**** DATA SUPPLIED ****

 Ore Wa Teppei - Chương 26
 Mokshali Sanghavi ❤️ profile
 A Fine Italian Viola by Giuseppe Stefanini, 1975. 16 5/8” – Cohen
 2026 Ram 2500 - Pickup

****
**** DATA SUPPLIED ****

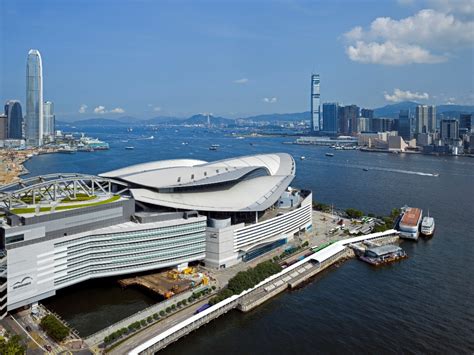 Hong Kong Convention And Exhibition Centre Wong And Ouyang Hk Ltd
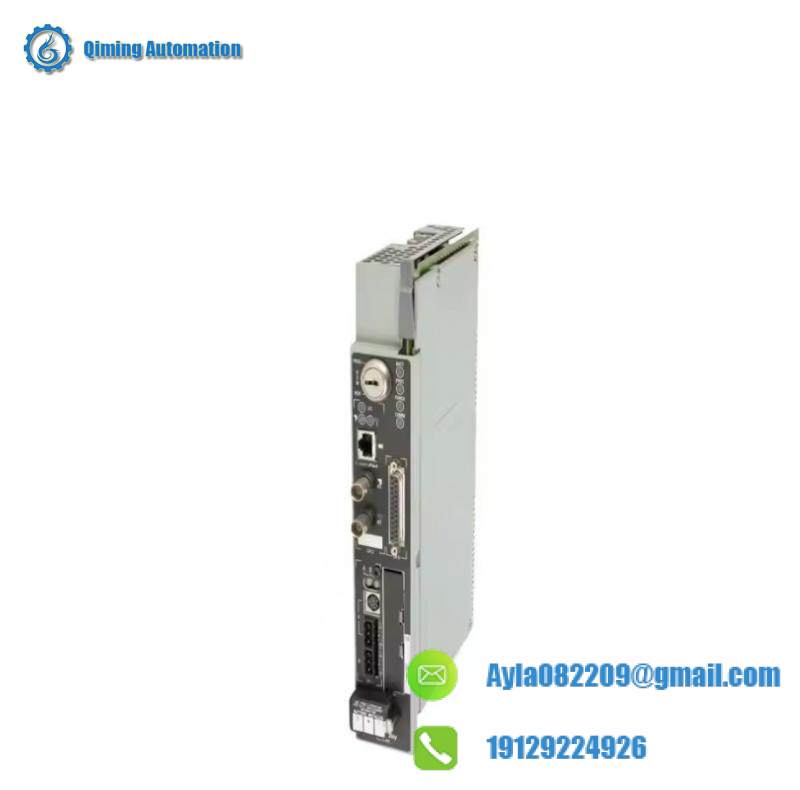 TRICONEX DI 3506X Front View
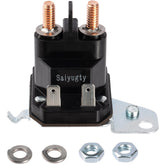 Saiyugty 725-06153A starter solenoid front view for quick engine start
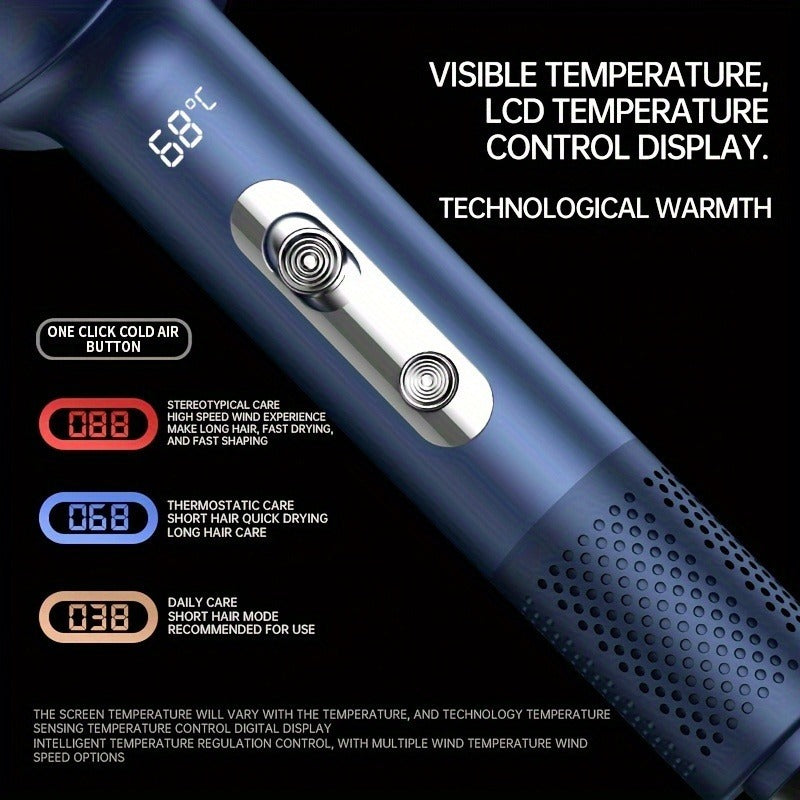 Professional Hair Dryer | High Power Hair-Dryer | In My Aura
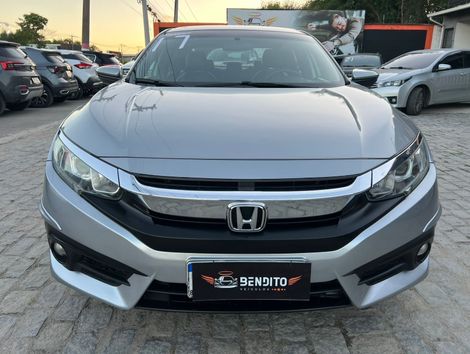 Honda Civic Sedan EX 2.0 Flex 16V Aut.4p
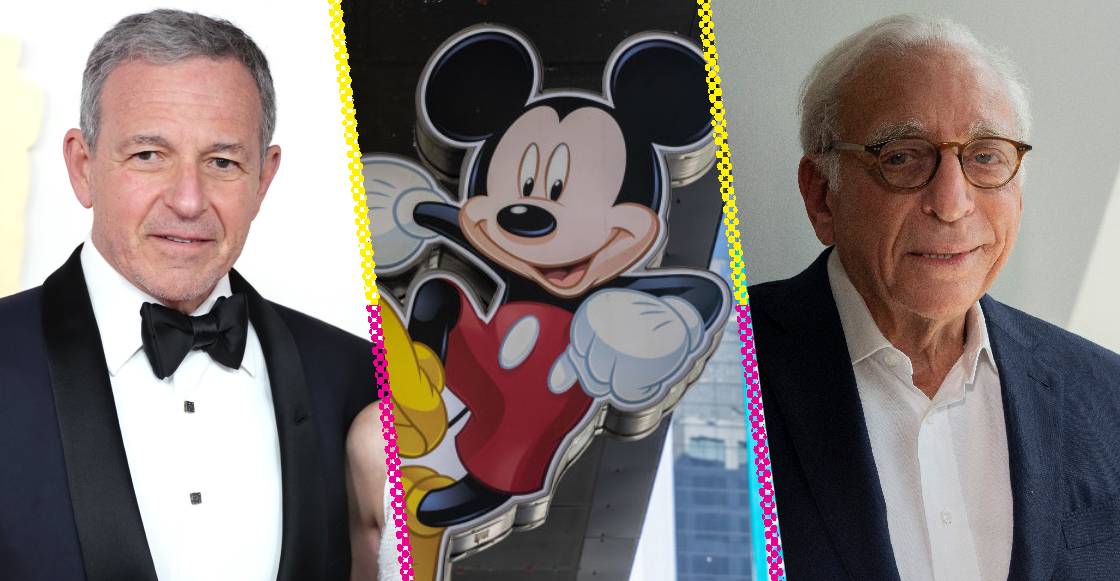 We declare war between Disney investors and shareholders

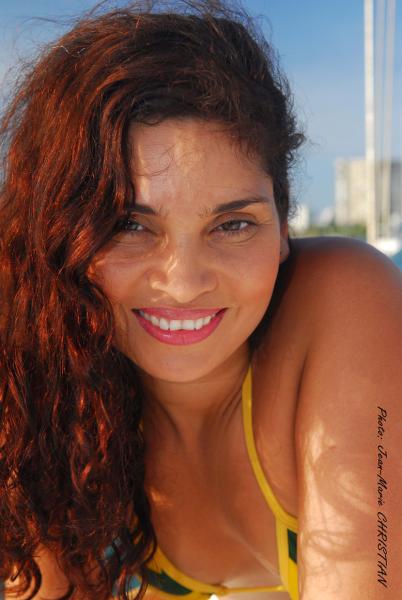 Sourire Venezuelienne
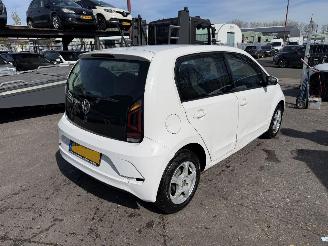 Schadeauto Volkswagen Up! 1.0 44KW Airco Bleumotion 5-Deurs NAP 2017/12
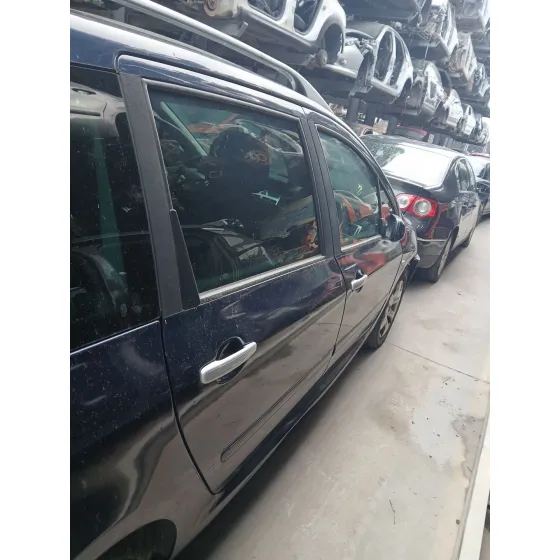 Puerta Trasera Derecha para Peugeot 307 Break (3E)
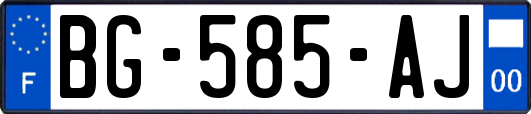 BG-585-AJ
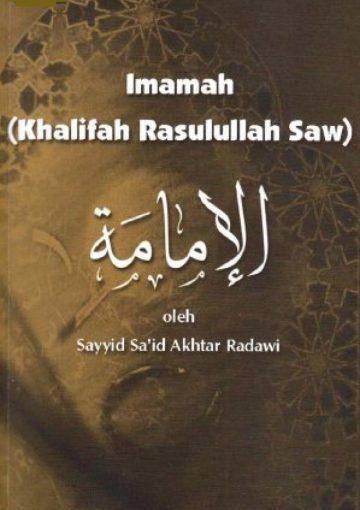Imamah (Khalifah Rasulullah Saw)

****
**** DATA SUPPLIED ****

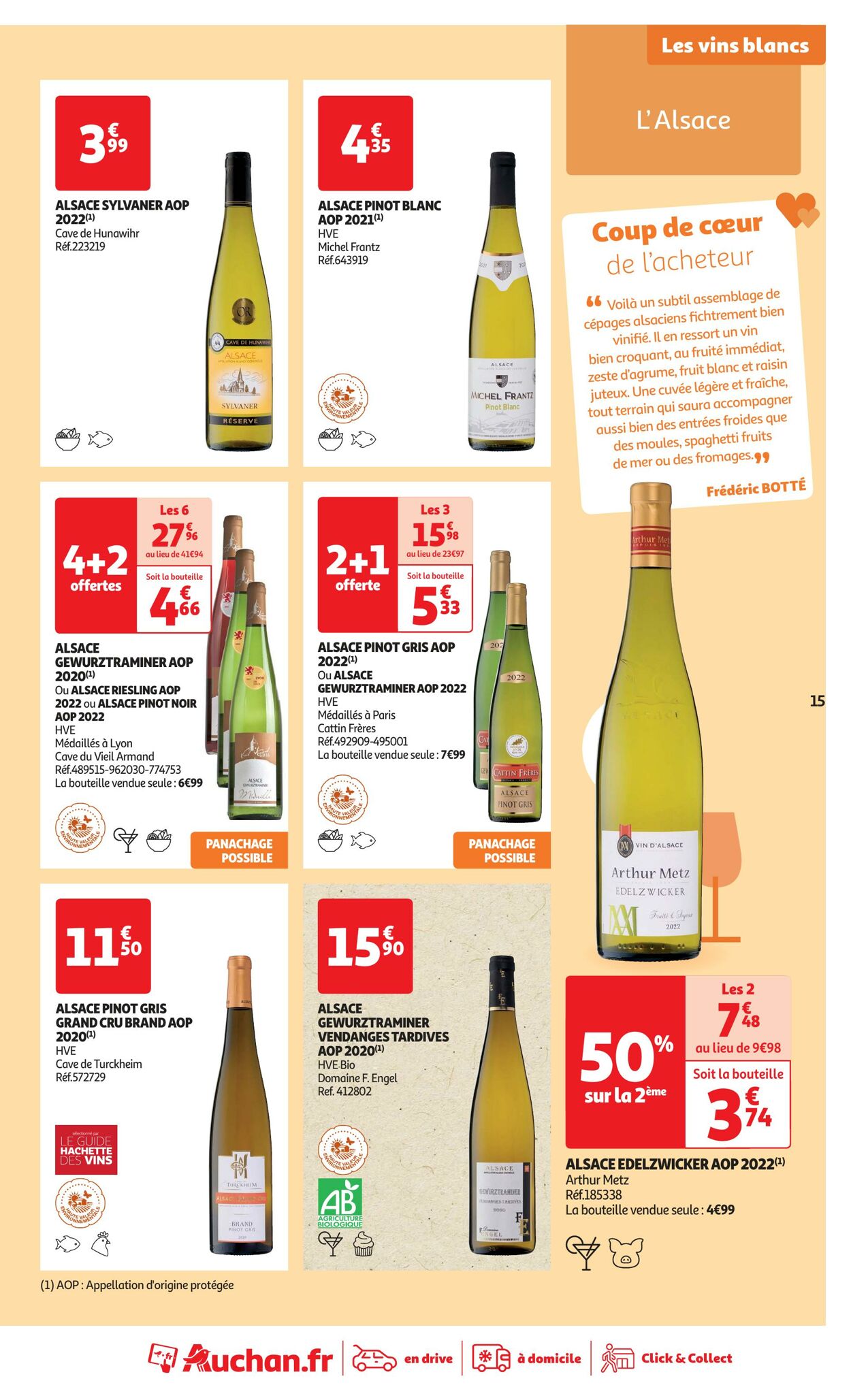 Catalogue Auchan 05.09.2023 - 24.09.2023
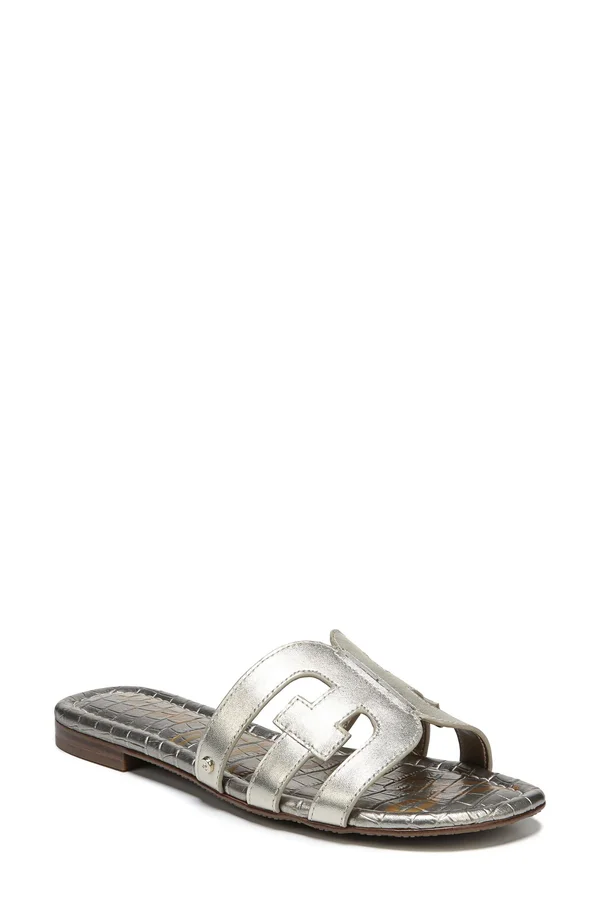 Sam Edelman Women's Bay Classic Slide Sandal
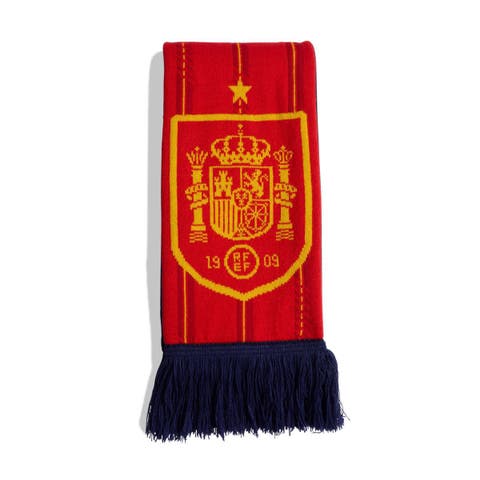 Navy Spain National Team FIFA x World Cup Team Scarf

****

Both the line above containing "Sourire Venezuelienne" and the line containing "Imamah (Khalifah Rasulullah Saw)" belong in the copy, along with every line between them; print these exactly and omit the pictures.

 Sourire Venezuelienne
 Schadeauto Volkswagen Up! 1.0 44KW Airco Bleumotion 5-Deurs NAP 2017/12
 Puerta Trasera Derecha para Peugeot 307 Break (3E)
 BG-585-AJ
Imamah (Khalifah Rasulullah Saw)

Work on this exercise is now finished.